**** Input material

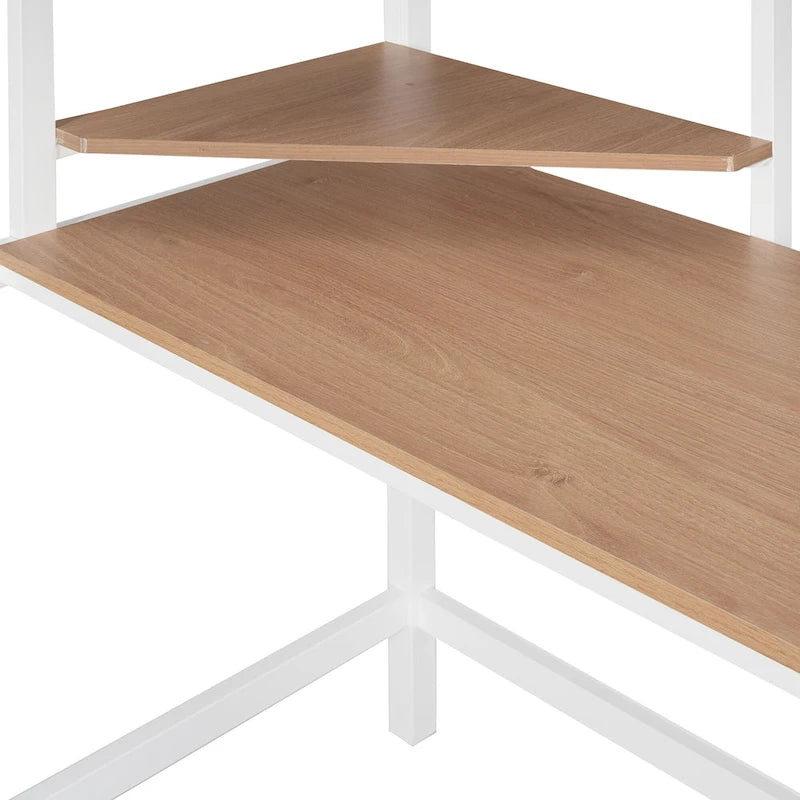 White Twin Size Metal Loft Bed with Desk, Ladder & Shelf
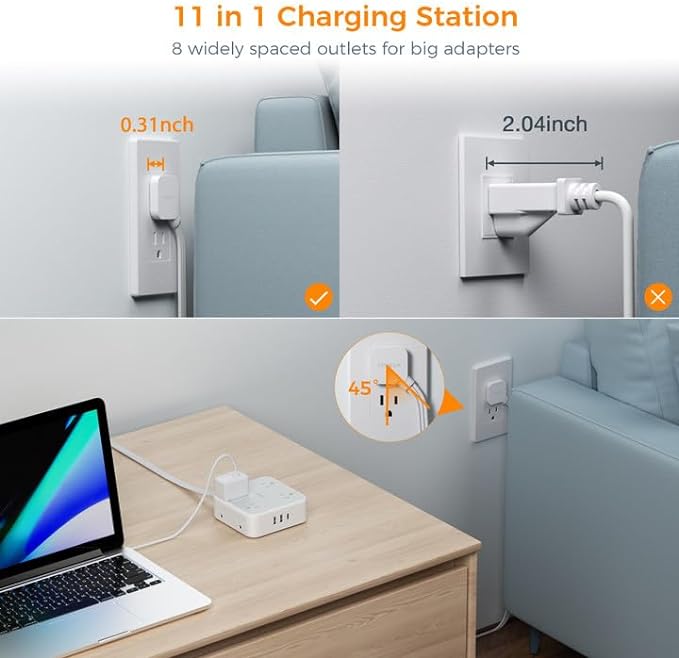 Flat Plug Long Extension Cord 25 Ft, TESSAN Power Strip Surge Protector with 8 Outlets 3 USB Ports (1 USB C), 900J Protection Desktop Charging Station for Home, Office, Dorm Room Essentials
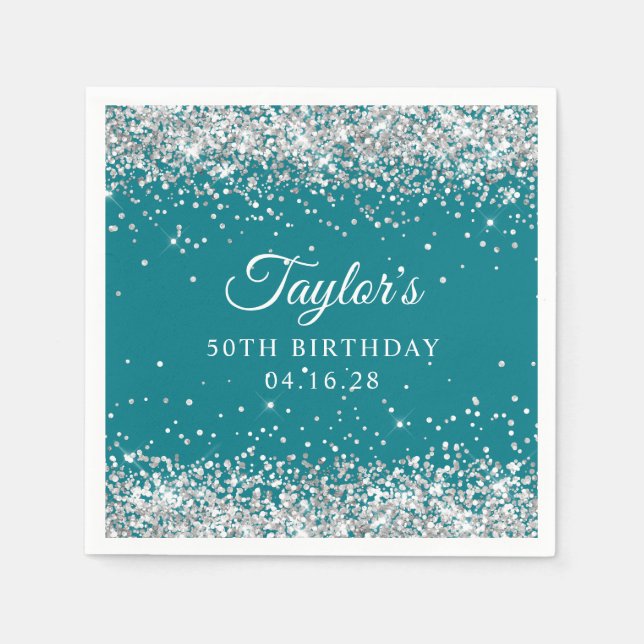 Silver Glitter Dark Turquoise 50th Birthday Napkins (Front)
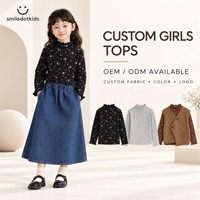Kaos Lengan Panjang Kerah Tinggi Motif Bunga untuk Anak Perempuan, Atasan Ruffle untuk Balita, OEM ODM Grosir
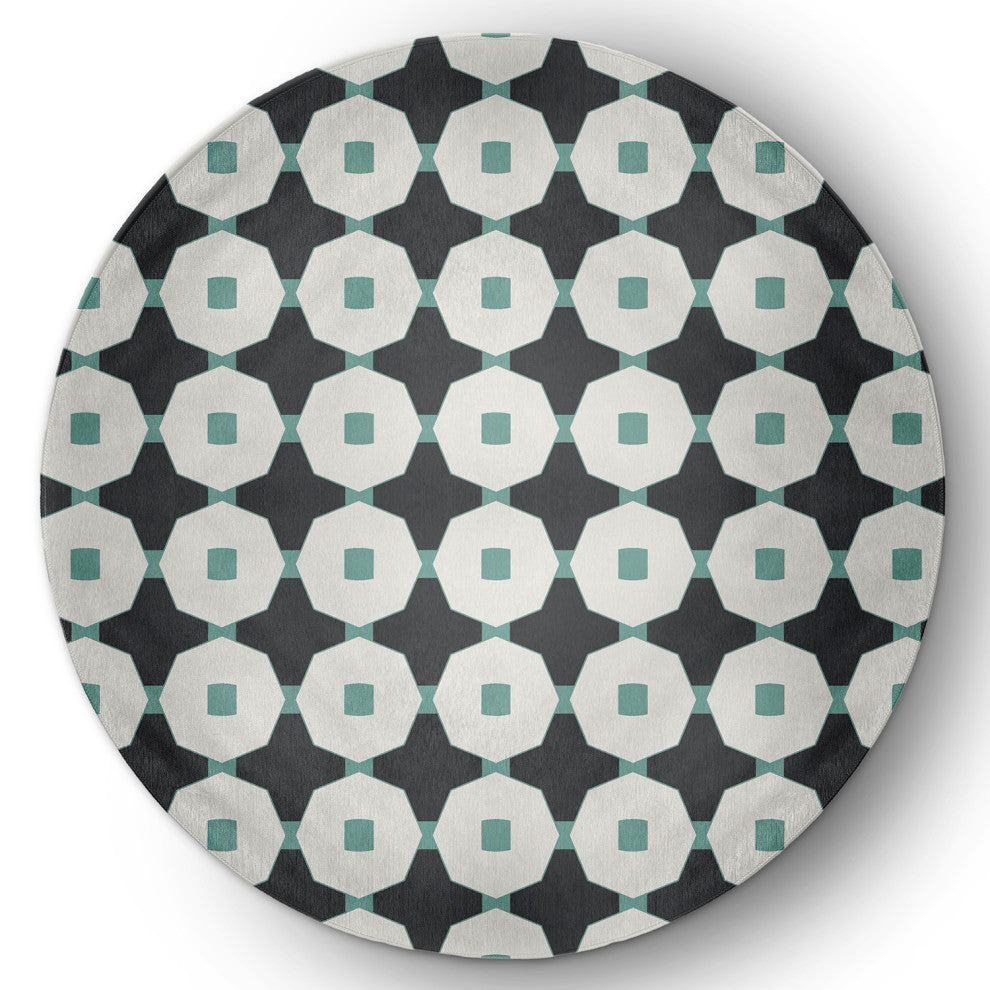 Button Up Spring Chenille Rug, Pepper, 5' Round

********

What the task requires
Restate every record exactly, please; do not copy the pictures.

Solution for this task
 White Twin Size Metal Loft Bed with Desk, Ladder & Shelf
 Flat Plug Long Extension Cord 25 Ft, TESSAN Power Strip Surge Protector with 8 Outlets 3 USB Ports (1 USB C), 900J Protection Desktop Charging Station for Home, Office, Dorm Room Essentials
 Silver Glitter Dark Turquoise 50th Birthday Napkins (Front)
Kaos Lengan Panjang Kerah Tinggi Motif Bunga untuk Anak Perempuan, Atasan Ruffle untuk Balita, OEM ODM Grosir
 Button Up Spring Chenille Rug, Pepper, 5' Round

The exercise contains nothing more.